Netscape is finalizing a deal that will help its proxy server security software screen out Web sites.

CNET News staff
2 min read
Netscape (NCSP) is finalizing a deal with Webster Networking Strategy to use its Web site screening software with Netscape's proxy server security software, CNET has learned.

Webster's WebTrack is a standalone application for blocking access to Web sites that may be objectionable. It is sold to schools, primarily to block smut sites, and to corporations worried about employees goofing off or creating a legal liability for the company by looking at certain sites.

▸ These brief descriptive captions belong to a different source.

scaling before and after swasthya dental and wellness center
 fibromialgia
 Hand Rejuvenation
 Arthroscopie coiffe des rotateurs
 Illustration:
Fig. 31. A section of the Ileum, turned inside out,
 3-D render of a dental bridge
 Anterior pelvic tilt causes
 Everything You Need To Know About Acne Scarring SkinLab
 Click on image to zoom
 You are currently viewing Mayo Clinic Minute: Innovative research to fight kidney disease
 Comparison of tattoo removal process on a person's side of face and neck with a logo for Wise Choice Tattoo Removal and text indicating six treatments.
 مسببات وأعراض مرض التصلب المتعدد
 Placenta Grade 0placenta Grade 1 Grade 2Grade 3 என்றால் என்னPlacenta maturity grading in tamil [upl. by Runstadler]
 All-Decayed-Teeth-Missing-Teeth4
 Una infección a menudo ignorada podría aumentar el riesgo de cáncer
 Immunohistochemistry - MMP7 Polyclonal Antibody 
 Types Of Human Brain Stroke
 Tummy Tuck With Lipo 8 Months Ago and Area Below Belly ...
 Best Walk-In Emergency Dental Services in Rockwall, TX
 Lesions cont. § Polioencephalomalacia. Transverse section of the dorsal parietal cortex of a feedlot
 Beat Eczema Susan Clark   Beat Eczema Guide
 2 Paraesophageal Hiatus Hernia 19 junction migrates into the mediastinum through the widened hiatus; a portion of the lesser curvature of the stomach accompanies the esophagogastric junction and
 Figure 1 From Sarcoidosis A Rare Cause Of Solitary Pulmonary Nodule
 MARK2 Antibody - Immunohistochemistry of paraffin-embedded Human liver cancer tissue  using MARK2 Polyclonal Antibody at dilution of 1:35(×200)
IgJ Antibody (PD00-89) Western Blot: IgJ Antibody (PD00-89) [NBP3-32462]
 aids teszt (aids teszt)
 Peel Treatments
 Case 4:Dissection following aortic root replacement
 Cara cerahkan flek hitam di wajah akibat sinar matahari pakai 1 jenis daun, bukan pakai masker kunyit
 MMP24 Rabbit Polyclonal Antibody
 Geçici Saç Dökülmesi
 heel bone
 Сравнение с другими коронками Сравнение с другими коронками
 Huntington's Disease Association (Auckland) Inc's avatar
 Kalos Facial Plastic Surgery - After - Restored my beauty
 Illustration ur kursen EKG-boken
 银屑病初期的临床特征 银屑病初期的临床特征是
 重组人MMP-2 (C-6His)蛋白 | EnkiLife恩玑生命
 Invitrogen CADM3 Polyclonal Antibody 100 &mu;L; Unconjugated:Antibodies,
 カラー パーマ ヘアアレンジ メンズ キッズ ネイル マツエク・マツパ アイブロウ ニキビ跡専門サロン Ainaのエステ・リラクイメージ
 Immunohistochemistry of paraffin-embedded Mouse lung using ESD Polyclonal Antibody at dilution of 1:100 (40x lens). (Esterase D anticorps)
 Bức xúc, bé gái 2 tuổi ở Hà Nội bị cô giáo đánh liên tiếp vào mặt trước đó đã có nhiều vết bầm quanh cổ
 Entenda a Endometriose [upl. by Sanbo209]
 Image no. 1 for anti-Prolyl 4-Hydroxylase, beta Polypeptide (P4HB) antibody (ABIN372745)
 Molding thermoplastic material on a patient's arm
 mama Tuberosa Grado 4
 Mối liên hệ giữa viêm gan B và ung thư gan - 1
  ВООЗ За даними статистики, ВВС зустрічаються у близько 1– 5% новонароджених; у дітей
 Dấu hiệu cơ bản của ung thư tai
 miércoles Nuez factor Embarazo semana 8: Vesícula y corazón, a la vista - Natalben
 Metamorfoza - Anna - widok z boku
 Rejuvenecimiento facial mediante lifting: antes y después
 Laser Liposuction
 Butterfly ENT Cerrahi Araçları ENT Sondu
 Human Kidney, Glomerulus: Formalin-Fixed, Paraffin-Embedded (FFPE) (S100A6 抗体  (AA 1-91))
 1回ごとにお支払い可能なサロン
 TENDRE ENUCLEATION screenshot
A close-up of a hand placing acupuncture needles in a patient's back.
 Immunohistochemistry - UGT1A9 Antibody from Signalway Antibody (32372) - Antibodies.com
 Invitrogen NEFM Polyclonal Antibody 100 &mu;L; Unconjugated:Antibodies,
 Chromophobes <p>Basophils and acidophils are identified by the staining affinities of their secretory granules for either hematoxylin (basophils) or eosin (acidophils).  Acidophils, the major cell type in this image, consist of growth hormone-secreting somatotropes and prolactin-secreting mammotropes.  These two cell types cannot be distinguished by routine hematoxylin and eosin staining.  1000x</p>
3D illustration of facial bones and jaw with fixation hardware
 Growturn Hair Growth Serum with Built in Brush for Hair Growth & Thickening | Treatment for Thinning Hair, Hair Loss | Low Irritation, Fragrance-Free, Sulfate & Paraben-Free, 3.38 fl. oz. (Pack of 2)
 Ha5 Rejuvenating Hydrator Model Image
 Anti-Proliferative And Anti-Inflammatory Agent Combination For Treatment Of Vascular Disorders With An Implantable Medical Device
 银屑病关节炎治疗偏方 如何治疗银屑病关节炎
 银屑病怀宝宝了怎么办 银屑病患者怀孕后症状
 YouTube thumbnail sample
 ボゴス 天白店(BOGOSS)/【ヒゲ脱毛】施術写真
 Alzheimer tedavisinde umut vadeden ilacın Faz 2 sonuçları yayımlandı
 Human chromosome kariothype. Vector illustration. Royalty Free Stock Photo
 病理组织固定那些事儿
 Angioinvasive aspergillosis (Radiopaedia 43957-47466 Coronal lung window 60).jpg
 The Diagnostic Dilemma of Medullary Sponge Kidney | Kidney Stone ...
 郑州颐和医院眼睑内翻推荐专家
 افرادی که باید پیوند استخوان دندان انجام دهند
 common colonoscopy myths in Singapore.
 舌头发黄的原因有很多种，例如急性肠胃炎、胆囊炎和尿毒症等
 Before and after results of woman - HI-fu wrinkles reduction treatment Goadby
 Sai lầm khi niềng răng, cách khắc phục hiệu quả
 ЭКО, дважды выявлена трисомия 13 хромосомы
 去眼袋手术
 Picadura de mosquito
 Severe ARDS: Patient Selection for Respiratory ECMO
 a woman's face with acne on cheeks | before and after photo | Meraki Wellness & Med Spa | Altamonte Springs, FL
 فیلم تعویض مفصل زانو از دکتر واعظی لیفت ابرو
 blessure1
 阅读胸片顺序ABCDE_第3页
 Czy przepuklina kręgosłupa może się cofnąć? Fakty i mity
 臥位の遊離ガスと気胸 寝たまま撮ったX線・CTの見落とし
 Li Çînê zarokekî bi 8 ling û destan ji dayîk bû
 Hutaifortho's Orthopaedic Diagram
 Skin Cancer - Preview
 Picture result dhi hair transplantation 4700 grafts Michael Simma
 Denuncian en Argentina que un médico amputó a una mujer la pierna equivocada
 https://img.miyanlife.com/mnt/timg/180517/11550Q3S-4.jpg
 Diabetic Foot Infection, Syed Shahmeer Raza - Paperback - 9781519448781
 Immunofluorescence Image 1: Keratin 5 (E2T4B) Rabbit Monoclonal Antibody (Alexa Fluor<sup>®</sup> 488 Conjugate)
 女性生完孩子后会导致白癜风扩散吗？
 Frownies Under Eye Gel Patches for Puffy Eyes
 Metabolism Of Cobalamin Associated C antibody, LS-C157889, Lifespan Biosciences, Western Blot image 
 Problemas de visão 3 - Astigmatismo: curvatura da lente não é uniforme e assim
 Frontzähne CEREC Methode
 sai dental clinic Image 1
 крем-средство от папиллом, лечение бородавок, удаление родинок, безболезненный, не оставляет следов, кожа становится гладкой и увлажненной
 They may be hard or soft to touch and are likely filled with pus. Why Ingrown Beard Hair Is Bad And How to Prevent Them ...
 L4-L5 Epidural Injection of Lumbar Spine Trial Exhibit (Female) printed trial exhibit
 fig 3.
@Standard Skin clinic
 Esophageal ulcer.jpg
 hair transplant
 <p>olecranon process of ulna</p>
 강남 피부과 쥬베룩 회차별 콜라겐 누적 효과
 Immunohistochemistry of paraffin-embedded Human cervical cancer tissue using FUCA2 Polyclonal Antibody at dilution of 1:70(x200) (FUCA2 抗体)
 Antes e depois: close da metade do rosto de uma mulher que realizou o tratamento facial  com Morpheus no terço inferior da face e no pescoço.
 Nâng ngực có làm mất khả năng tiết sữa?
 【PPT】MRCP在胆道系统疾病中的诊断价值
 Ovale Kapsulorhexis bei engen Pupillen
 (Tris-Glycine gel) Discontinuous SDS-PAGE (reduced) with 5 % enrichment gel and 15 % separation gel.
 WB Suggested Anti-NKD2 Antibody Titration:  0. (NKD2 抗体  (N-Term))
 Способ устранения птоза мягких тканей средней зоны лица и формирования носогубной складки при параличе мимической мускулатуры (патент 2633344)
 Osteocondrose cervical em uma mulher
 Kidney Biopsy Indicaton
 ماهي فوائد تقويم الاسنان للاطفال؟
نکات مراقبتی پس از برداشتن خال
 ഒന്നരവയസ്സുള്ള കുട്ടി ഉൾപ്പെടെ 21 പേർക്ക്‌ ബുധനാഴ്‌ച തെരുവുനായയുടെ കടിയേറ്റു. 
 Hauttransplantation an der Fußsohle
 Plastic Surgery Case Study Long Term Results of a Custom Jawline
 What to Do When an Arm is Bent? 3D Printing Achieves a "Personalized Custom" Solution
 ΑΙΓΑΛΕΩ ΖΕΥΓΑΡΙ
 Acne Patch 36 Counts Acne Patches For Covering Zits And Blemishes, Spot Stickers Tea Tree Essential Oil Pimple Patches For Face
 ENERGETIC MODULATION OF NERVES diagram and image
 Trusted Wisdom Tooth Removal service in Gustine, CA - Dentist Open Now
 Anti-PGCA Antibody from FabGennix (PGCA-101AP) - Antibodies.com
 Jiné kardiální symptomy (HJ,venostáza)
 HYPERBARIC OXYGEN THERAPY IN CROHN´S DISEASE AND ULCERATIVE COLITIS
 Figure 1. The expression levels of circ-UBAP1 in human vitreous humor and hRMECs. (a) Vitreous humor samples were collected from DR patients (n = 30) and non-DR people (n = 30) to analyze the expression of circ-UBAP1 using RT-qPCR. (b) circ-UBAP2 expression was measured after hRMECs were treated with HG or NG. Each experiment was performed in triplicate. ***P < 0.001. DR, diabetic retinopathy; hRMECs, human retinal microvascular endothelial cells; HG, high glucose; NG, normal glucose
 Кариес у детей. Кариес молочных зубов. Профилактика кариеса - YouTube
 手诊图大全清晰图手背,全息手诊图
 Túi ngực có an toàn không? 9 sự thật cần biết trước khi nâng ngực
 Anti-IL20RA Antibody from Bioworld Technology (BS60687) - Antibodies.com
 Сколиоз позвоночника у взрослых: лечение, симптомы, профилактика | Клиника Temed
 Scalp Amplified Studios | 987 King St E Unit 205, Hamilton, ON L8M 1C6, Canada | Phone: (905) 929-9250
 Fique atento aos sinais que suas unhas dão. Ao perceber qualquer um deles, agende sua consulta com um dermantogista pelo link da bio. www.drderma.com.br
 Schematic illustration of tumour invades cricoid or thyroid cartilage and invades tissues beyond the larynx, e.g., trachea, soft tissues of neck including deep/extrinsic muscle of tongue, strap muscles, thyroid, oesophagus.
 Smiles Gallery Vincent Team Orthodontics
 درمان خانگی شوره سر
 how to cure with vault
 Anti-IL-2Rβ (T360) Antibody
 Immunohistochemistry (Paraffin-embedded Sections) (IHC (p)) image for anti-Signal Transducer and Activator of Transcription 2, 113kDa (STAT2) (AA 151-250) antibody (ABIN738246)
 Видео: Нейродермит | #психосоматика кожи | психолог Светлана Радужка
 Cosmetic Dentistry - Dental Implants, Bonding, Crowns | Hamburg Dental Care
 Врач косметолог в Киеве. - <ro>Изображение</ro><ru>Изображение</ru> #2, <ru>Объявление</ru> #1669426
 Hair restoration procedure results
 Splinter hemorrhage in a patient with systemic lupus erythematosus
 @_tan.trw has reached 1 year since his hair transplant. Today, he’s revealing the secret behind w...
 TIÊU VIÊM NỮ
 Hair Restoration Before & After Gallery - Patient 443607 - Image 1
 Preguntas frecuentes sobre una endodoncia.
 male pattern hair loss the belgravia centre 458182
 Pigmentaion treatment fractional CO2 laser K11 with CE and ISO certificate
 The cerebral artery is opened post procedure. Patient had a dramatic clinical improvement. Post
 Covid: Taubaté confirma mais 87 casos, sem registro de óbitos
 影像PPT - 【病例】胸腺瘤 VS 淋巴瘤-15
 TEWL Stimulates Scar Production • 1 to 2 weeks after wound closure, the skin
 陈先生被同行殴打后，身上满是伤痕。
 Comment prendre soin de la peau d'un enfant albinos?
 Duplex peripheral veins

The WebTrack Control List is a list of URLs that might be considered worth blocking, which the company sells on a weekly subscription for $1,800 a year. The 16 categories on the list include unsavory content that is sexually explicit or hate speech, as well as cyberloafing categories such as entertainment, sports, investment sites, chat areas, and politics.

The list is currently available as a plug-in for both Unix versions of Netscape proxy servers and Microsoft proxy servers. But Netscape wants to tighten the integration of the Webster and Netscape software in the next release, version 2.5, of its Proxy Server, now in beta testing.

"In the release of Netscape version 2.5 of Proxy Server, for both Unix and NT, the Webster control list and WebTrack code are built into the product," said Richard Viets, president and chief technology officer of Webster Networking Strategy. "We're already seeing a surge in demand because of tighter coupling, and it's only in beta."

Webster is a wholly owned subsidiary of Secure Computing (SCUR).

Netscape is using Webster's URL-blocking software toolkit, which it created to build into Web servers so they can read the Webster list more easily, said Viets. The WebTrack toolkit is already built into Secure Computing's own Sidewinder firewall and BorderWare Firewall Server as well as in CyberGuard's firewall and Internet Middleware's Harvest Cached proxy.

Viets said the Webster control list has more than 300 paying customers.

In a similar development, firewall vendor Raptor Systems today announced it will integrate URL-blocking technology. The company will include Microsystems Software's Cyber Patrol in its Webnot utility for Raptor's firewall.